Step 24:  Take your truck for a drive and check it out.  With EBC you have a "bed in period" of about 1000 miles.  It means brake like a grandma... no sudden stops.  You can also hasten this by doing a "Pro cut lathe" job.  I have one booked for my truck.  

All done!!  Unless you are me....

-----

I came across a horrible problem when I did my brakes.  On my test drive I noticed a horrible screeching and howling from the rear.  I'll cut to the chase on this one and not give you the two day run down it took to solve this.

The rims, which were aftermarket 17" (for winter) were now rubbing on the caliper (the banjo bolt to be exact).  I guess the tolerance is so tight that the new brake pad width pushed them together.  I ended up carving a groove into each rear wheel:



To fix I installed wheel spacers of 1/4".  It goes to show you that swapping to aftermarket wheels must be done with great care.




My inspiration to install these brakes, and my review of them, can be found here:
http://chevyavalanchefanclub.com/cafcna/index.php/topic,110817.0.html

This thread is only meant to describe the install process, so please keep questions related to that.
 
As mentioned above, I scheduled a brake skim procedure on the new rotors.  On EBC's website they state the following:

There are two main reasons for brake vibration. The first is steering geometry issues and the second is installation or hub run-out issues.

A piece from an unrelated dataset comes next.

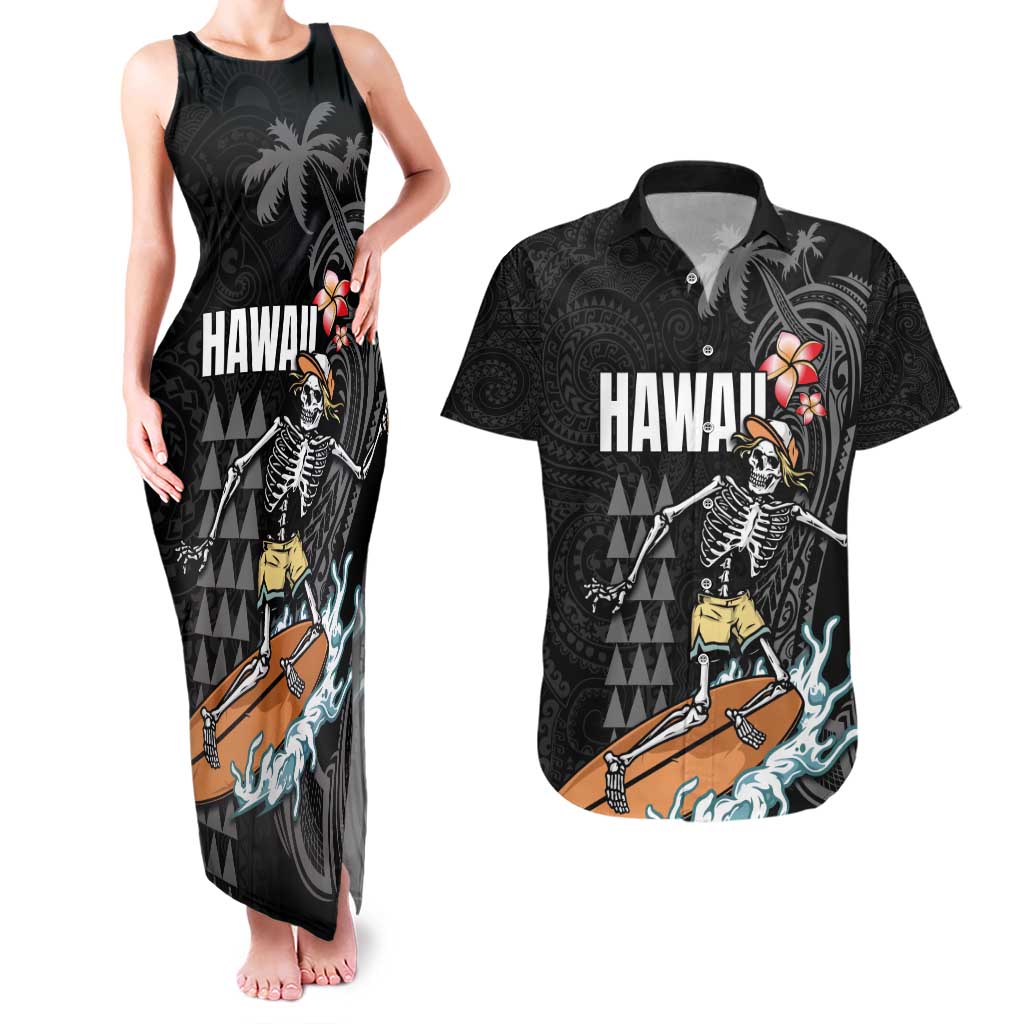 Hawaiian Halloween Skeleton Surfing Couples Matching Tank Maxi Dress and Hawaiian Shirt Polynesian Tribal Tattoo and Hawaiian Pattern
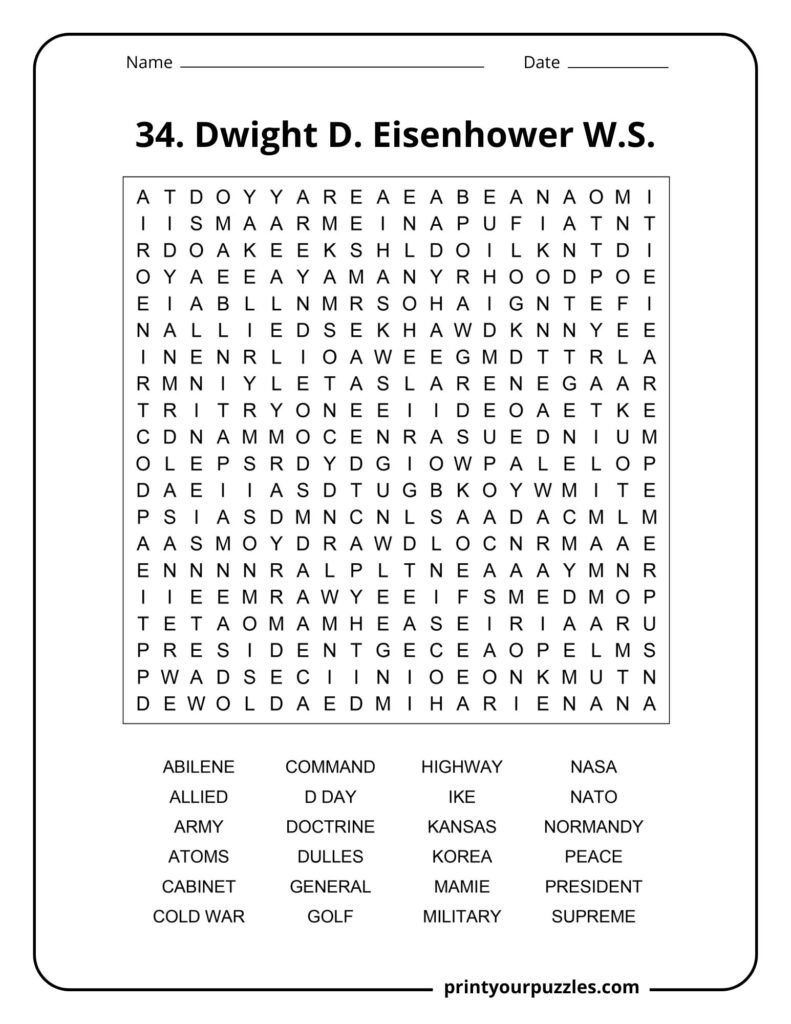 Hard Dwight D. Eisenhower word search puzzle featuring terms like NATO, D-Day, and Cold War in a dense grid.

GEOMETRY ISSUES ? One in seven cars suffers geometry problems during its life that can affect steering and cause brake vibration. These are NOT a product quality issue!!!!!!.These can happen by simply nudging a kerb or by driving over a pothole. EBC is not alone in recognising this problem but is the only brake supplier on the planet prepared to offer diagnosis and a SOLUTION.

INSTALLATION OR HUB RUN-OUT ISSUES ? These cause what is known as DTV. The videos below show how to correct for brake vibration caused by DTV (Disc thickness variation). DTV develops in a car after 3000-4000 miles caused by runout built in to the car or due to incorrect alignment of the rotors at install. This is quite a common fault on modern cars and many cars require this at every rotor change. Drivers also confuse hub distortion with a rotor quality issue but in 99% of cases the DTV is a car problem, not a rotor quality problem. You can replace the rotors as many times as you like trying to solve vibration and the problem will only go away for a few thousand miles and then return. This means you have purchased new rotors in good faith but the problem IS NOT SOLVED AND WILL NOT GO AWAY PERMANENTLY until you perform this procedure. After this skimming of the rotor surface you will have smooth brakes , more effective brakes and ZERO vibration. It is even a very worthwhile practice when fitting new rotors to have all four rotors skimmed into perfect alignment on your car with this inexpensive procedure.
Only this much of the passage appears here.